Which product design will win?

Other DIA-based 401(k) annuity offerings have appeared recently, notably from BlackRock and Wells Fargo. Participants who invest in BlackRock’s LifePath target date funds would see part of their contributions shift into an in-plan group annuity at age 55. At retirement, they could turn on an income stream that combined payouts from the annuity and systematic withdrawals from their remaining investments.

Participants in Wells Fargo Retirement Income Solutions program can contribute to a target-date Collective Investment Trust (CIT). At retirement, 15% of their account balance would be applied to the purchase a qualifying longevity annuity contract, or QLAC. A QLAC is a deferred income annuity whose payouts can be delayed until age 85 without violating the rule on required minimum distributions at age 75.

DIAs received a vote of confidence recently from Cerulli, the global consulting firm. Cerulli recently reported that, of all 401(k) in-plan annuity designs, DIAs may offer the best value. “[We believe] annuitization products, where an investor converts a lump sum to a guaranteed income stream, represent the better solution for DC plans,” according to The Cerulli Edge U.S. Monthly Products Trends report for November 2020.

Cerulli is less enthusiastic about the guaranteed minimum withdrawal benefits that characterized the first generation of 401(k) annuities. These were target date funds with a living benefit rider attached.

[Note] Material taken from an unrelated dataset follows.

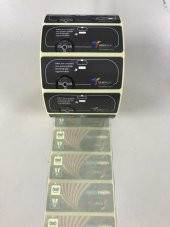 M3 RFID Araç Etiketi (500 Adet) - 4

At about age 45 or 50, participants were defaulted into paying 1% per year for a rider that offered a lifetime income guarantee and liquidity. The value-add of this product comes from allowing retirees to stay invested in equities and get exposure to the equity premium throughout retirement. Many people have difficulty understanding these products, which have two sleeves: the cash value of the contract and the “benefit base,” a notional amount used as the basis for calculating the owner’s minimum guaranteed annual income in retirement.

But those products, all introduced before the SECURE Act, did not find a significant market. “There are a handful of target products that offer guaranteed retirement options, most notably guaranteed minimum withdrawal benefits (GMWBs),” the Cerulli report said, but added that “GMWBs often have Byzantine rules and restrictions associated with them, making them challenging for less sophisticated investors to understand.”